Les résultats de HOPE-3 concordent avec les autres essais où la baisse du LDL s'accompagne d'une réduction des complications CV, comme la méta-analyse du CTT dans laquelle chaque réduction d'1 mmol/L de LDL s'associe à une baisse de 25 % du risque CV, la MEGA study japonaise ou encore l’étude JUPITER qui montrait parallèlement à la baisse de 0,43 g/l du LDL une réduction du risque CV relatif de 44 % chez des sujets à risque intermédiaire sans élévation du LDL. HOPE-3 enfonce le clou et conforte le LDL- c comme facteur de risque d’athérosclérose.

 

Mais, dans le même temps, cette étude promeut une stratégie basée davantage sur le risque CV que sur le taux de LDL comme le préconisaient les guidelines américaines de 2013 ou celles du CNGE de 2014. En l’absence d’étude clinique validant une valeur cible de LDL-c, ces recos avaient proposé l’abandon de la cible thérapeutique de LDL-c au profit d’une graduation de l’intensité du traitement par statines, en fonction du niveau de risque CV du patient.
Une attitude loin de faire l’unanimité. « Ces recos préconisaient de baisser le LDL d'au moins 50 %, ce qui suppose de connaître sa valeur initiale, analyse le Pr Schiele. Elles se révélaient difficiles à appliquer en pratique, l'évolution des chiffres permettant aussi de stimuler la compliance. D'autre part, nous disposons maintenant avec l'ézétimibe et les inhibiteurs du PCSK9 de deux autres classes pour lesquelles le LDL garde sa place pour suivre et moduler l'intensité du traitement. » Des arguments qui n’ont pas échappé aux Américains qui pourraient bien faire marche arrière comme en témoigne un texte de consensus de l'ACC présenté à Chicago qui propose à nouveau de monitorer la réponse aux statines par la surveillance du LDL-c… Quoi qu’il en soit, les résultats de HOPE-3 sans aller aux « statines pour tous après 55/65 ans » focalisent l'attention sur la nécessité de la prévention primaire du risque CV et apportent des arguments rassurants sur leur tolérance.
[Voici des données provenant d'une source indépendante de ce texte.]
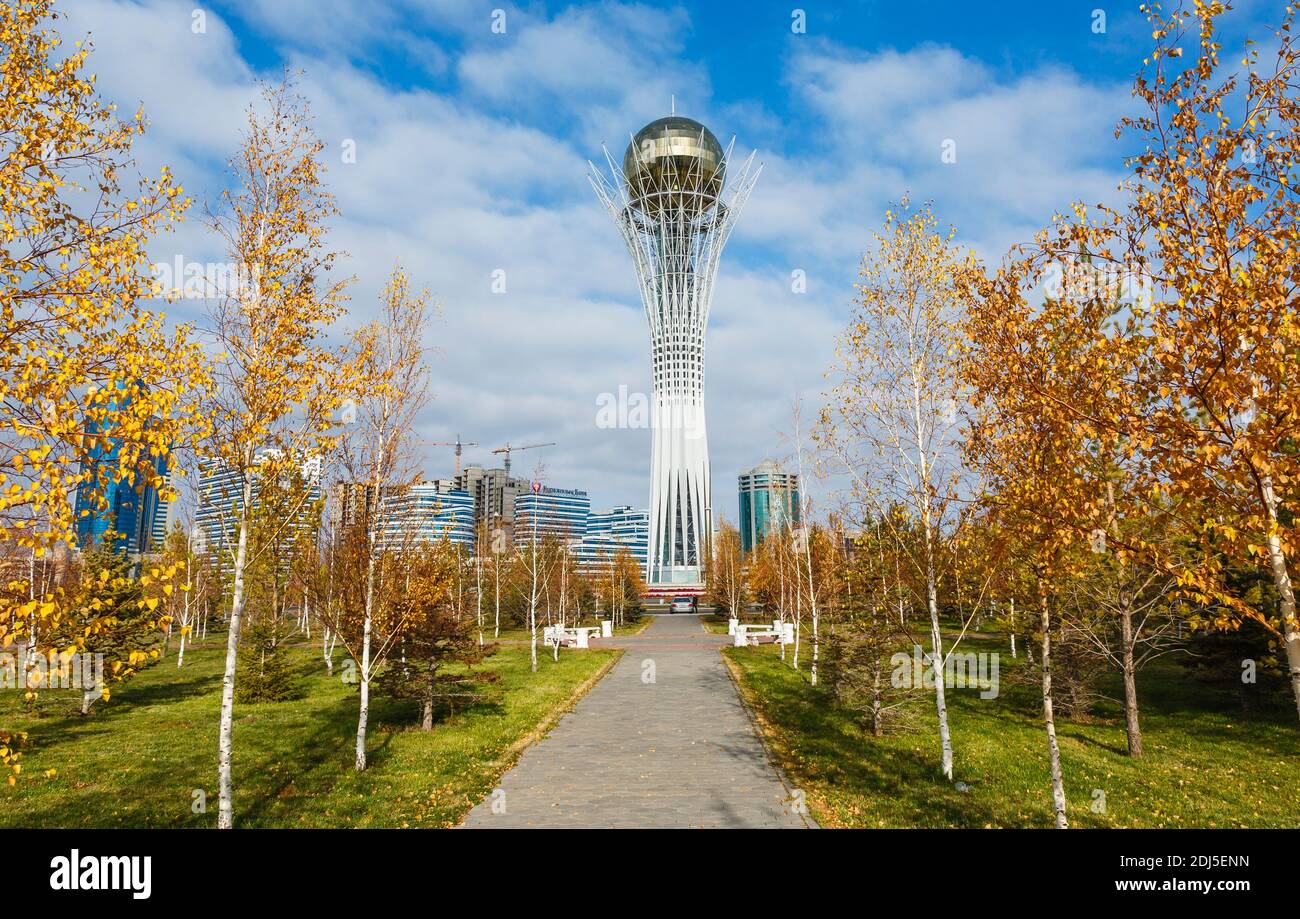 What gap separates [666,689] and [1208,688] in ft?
55.6

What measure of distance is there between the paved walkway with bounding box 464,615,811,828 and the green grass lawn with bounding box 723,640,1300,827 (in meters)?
0.84

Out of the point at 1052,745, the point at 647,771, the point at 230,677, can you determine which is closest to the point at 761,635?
the point at 647,771

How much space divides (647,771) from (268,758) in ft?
24.5

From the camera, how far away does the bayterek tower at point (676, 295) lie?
80325mm

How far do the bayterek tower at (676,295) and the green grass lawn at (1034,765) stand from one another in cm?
6138

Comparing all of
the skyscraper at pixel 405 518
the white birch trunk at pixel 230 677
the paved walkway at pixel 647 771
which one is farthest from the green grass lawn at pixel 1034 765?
the skyscraper at pixel 405 518

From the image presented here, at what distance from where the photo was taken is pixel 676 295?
8081 cm

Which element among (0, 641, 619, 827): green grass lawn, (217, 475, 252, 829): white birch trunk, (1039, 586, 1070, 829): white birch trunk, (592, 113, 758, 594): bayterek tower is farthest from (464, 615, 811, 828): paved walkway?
(592, 113, 758, 594): bayterek tower

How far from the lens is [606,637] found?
46531 millimetres

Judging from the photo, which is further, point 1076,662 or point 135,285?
point 1076,662

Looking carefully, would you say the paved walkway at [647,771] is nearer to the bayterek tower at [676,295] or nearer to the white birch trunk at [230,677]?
the white birch trunk at [230,677]

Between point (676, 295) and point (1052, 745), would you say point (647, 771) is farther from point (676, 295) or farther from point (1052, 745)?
point (676, 295)

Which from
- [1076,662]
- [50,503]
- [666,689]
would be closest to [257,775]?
Answer: [50,503] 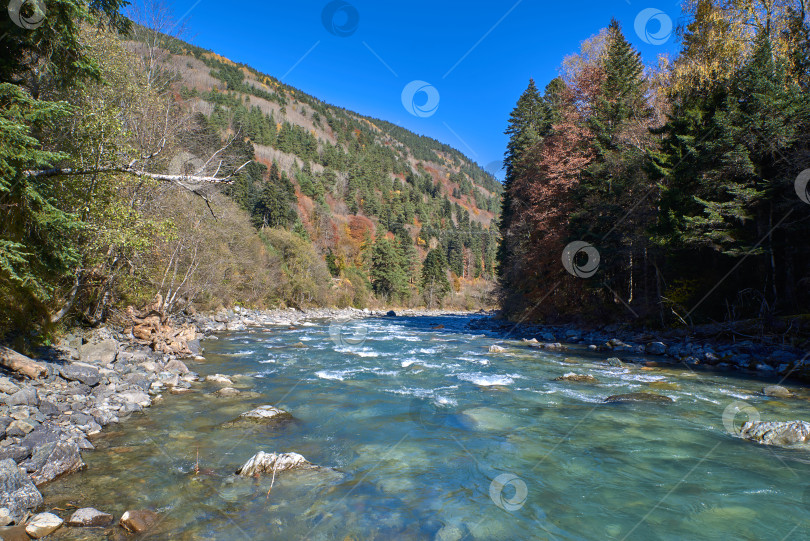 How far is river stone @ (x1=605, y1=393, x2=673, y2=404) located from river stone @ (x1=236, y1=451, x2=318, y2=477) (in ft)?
22.5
Les résultats sont beaucoup plus mitigés concernant l’impact du traitement anti-hypertenseur qui n'a pas fait la preuve de son efficacité dans ce contexte. La PAS diminue de 6,2mmHg mais ne réduit pas les événements vs placebo. Une analyse préspécifiée hiérarchisant les patients en fonction du niveau de PA à l'inclusion montre que seuls ceux chez qui la PAS > 143,5 mmHg bénéficient de cette stratégie. Quant aux patients qui ont reçu à la fois antihypertenseurs et statine, la diminution de 29 % du risque CV est similaire à celle observée sous statine seule.